Mark tells us in 6:34 that Jesus taught them much (in the Greek it’s just the word polla, “much, a lot”). He taught them a whole bunch of stuff, to be colloquial about it. But what kind of stuff? What did Jesus discern these “sheep without a shepherd” needed to learn and to hear most of all? Did he snow them with more parables that they had a tough time making sense of initially? (Mark did say earlier in this gospel that Jesus never taught anything without using parables.) Did he teach them more plainly about the Kingdom of God and about the grace of God that is the true center to the universe? Did he do a Sermon on the Mount-like listing of beatitudes, sketching out in that way the shape of the kingdom-filled life?
We could speculate endlessly on this, and we could make some pretty educated guesses, too, based on the rest of Mark’s gospel. But we’ll never know the precise content. So maybe we can better focus on something else that is rather remarkable here. Jesus saw these large crowds of people and he had compassion on them. They seemed lost. They were like sheep unable to find green pastures, moving through life without a goal, without the security a shepherd could provide. That, after all, is the implication of Mark’s pastoral image here: sheep without a shepherd were vulnerable, were unable to care for themselves, were liable to getting lost and/or injured.

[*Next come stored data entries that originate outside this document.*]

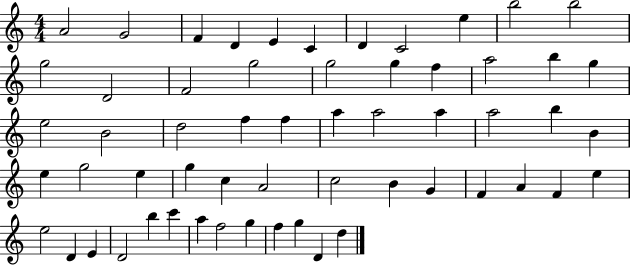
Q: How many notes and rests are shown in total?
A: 58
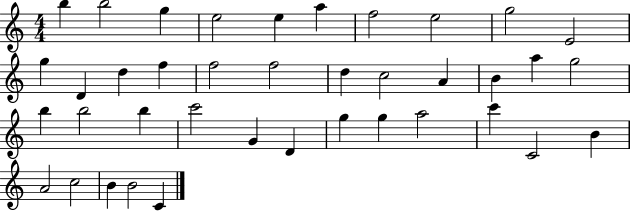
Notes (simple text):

B5/q B5/h G5/q E5/h E5/q A5/q F5/h E5/h G5/h E4/h G5/q D4/q D5/q F5/q F5/h F5/h D5/q C5/h A4/q B4/q A5/q G5/h B5/q B5/h B5/q C6/h G4/q D4/q G5/q G5/q A5/h C6/q C4/h B4/q A4/h C5/h B4/q B4/h C4/q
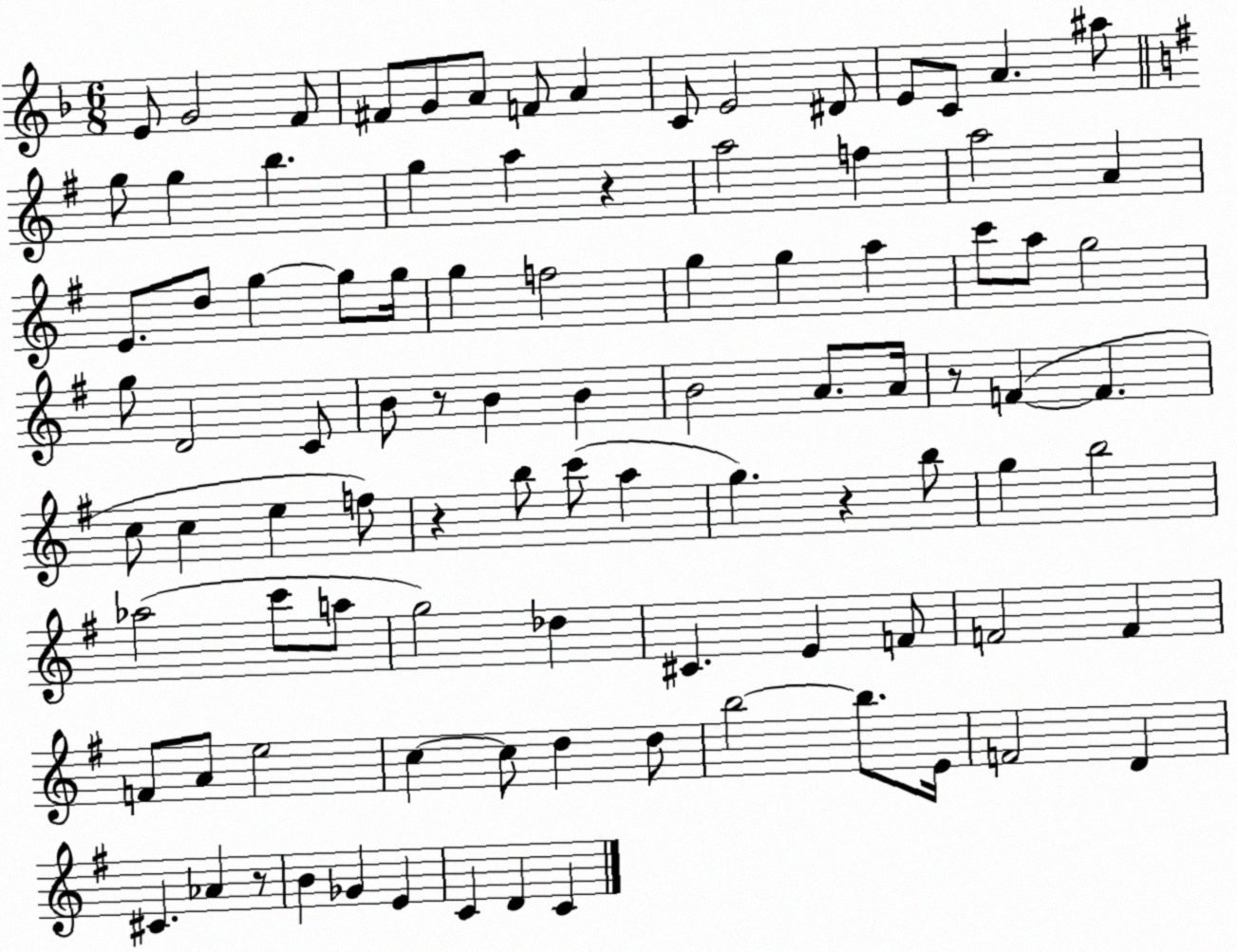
X:1
T:Untitled
M:6/8
L:1/4
K:F
E/2 G2 F/2 ^F/2 G/2 A/2 F/2 A C/2 E2 ^D/2 E/2 C/2 A ^a/2 g/2 g b g a z a2 f a2 A E/2 d/2 g g/2 g/4 g f2 g g a c'/2 a/2 g2 g/2 D2 C/2 B/2 z/2 B B B2 A/2 A/4 z/2 F F c/2 c e f/2 z b/2 c'/2 a g z b/2 g b2 _a2 c'/2 a/2 g2 _d ^C E F/2 F2 F F/2 A/2 e2 c c/2 d d/2 b2 b/2 E/4 F2 D ^C _A z/2 B _G E C D C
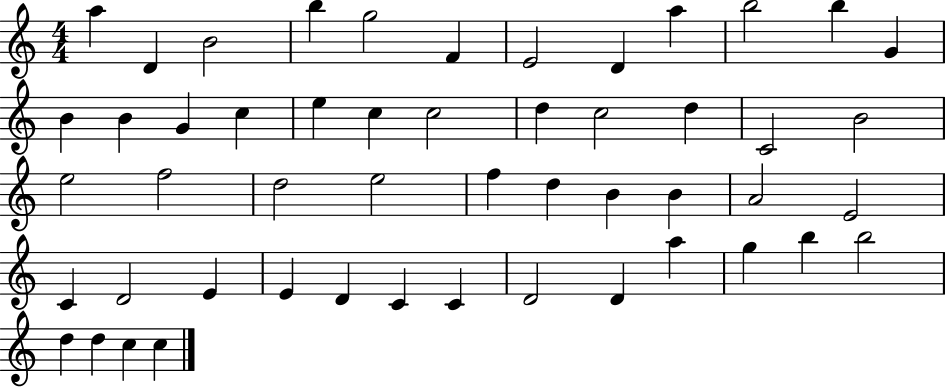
A5/q D4/q B4/h B5/q G5/h F4/q E4/h D4/q A5/q B5/h B5/q G4/q B4/q B4/q G4/q C5/q E5/q C5/q C5/h D5/q C5/h D5/q C4/h B4/h E5/h F5/h D5/h E5/h F5/q D5/q B4/q B4/q A4/h E4/h C4/q D4/h E4/q E4/q D4/q C4/q C4/q D4/h D4/q A5/q G5/q B5/q B5/h D5/q D5/q C5/q C5/q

That was how Jesus viewed them and so what does he do? He teaches them a lot of stuff. He teaches them. That’s not typically our response to such a thing in the modern world. We think that the solution to most any problem you could name would be to give people more stuff. What people need is a secure investment portfolio. They need purpose in their lives (and a good bit of that purpose will be to learn how to earn more money and provide material security to the family). We don’t need to teach people lots of stuff we just need to give them lots of stuff—or give them methods by which to get at that stuff—and they will be fine.
People themselves seem impatient with being reduced to students who have to learn. Ads for various technical institutes try to lure students to their hands-on computer repair training by reminding them that all that worthless stuff you learn at liberal arts colleges not only fails to make you any money one day, it just slows down your progress toward a lucrative career. This mentality seeps into the church, too, of course. Sermons need to either be very short or, if they are going to be longer sermons, they need to focus less on content and more on application, on how to get at a better life through tips on child rearing, business practices, marriage enhancement, and the like. Anything in an adult education forum that smacks of a content-heavy lecture is shunned by some.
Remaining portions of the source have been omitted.